#### Exercise
Would you reproduce all of the entries exactly?

━━━━━ Supplied records

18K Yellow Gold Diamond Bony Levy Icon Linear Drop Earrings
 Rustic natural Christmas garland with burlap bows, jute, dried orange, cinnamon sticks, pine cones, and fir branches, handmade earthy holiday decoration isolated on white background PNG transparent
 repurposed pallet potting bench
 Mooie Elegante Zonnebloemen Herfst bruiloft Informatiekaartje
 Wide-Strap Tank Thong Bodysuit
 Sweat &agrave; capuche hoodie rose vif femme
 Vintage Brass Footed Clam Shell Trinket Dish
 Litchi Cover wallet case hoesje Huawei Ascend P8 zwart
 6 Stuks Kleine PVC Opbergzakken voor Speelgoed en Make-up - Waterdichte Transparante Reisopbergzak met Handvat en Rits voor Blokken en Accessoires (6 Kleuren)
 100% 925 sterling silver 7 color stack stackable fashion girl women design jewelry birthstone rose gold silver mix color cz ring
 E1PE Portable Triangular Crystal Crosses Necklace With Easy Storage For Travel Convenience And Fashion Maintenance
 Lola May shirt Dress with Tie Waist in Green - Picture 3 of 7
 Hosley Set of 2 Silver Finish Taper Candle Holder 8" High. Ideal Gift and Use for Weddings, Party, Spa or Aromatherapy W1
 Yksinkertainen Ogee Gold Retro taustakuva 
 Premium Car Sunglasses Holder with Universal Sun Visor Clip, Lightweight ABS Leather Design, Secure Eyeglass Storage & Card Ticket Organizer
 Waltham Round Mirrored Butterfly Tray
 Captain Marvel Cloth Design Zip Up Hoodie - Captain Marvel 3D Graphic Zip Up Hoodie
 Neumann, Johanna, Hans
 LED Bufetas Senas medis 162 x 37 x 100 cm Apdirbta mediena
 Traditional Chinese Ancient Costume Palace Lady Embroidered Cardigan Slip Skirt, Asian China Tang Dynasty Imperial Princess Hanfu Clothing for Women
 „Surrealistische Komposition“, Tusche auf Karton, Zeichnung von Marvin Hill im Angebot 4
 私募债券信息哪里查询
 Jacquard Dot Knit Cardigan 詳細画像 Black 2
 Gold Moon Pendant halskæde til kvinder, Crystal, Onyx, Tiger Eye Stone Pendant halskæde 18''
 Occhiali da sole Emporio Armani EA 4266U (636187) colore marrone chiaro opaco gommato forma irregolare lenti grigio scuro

━━━━━━━━━━

#### Problem solution
18K Yellow Gold Diamond Bony Levy Icon Linear Drop Earrings
 Rustic natural Christmas garland with burlap bows, jute, dried orange, cinnamon sticks, pine cones, and fir branches, handmade earthy holiday decoration isolated on white background PNG transparent
 repurposed pallet potting bench
 Mooie Elegante Zonnebloemen Herfst bruiloft Informatiekaartje
 Wide-Strap Tank Thong Bodysuit
 Sweat &agrave; capuche hoodie rose vif femme
 Vintage Brass Footed Clam Shell Trinket Dish
 Litchi Cover wallet case hoesje Huawei Ascend P8 zwart
 6 Stuks Kleine PVC Opbergzakken voor Speelgoed en Make-up - Waterdichte Transparante Reisopbergzak met Handvat en Rits voor Blokken en Accessoires (6 Kleuren)
 100% 925 sterling silver 7 color stack stackable fashion girl women design jewelry birthstone rose gold silver mix color cz ring
 E1PE Portable Triangular Crystal Crosses Necklace With Easy Storage For Travel Convenience And Fashion Maintenance
 Lola May shirt Dress with Tie Waist in Green - Picture 3 of 7
 Hosley Set of 2 Silver Finish Taper Candle Holder 8" High. Ideal Gift and Use for Weddings, Party, Spa or Aromatherapy W1
 Yksinkertainen Ogee Gold Retro taustakuva 
 Premium Car Sunglasses Holder with Universal Sun Visor Clip, Lightweight ABS Leather Design, Secure Eyeglass Storage & Card Ticket Organizer
 Waltham Round Mirrored Butterfly Tray
 Captain Marvel Cloth Design Zip Up Hoodie - Captain Marvel 3D Graphic Zip Up Hoodie
 Neumann, Johanna, Hans
 LED Bufetas Senas medis 162 x 37 x 100 cm Apdirbta mediena
 Traditional Chinese Ancient Costume Palace Lady Embroidered Cardigan Slip Skirt, Asian China Tang Dynasty Imperial Princess Hanfu Clothing for Women
 „Surrealistische Komposition“, Tusche auf Karton, Zeichnung von Marvin Hill im Angebot 4
 私募债券信息哪里查询
 Jacquard Dot Knit Cardigan 詳細画像 Black 2
 Gold Moon Pendant halskæde til kvinder, Crystal, Onyx, Tiger Eye Stone Pendant halskæde 18''
 Occhiali da sole Emporio Armani EA 4266U (636187) colore marrone chiaro opaco gommato forma irregolare lenti grigio scuro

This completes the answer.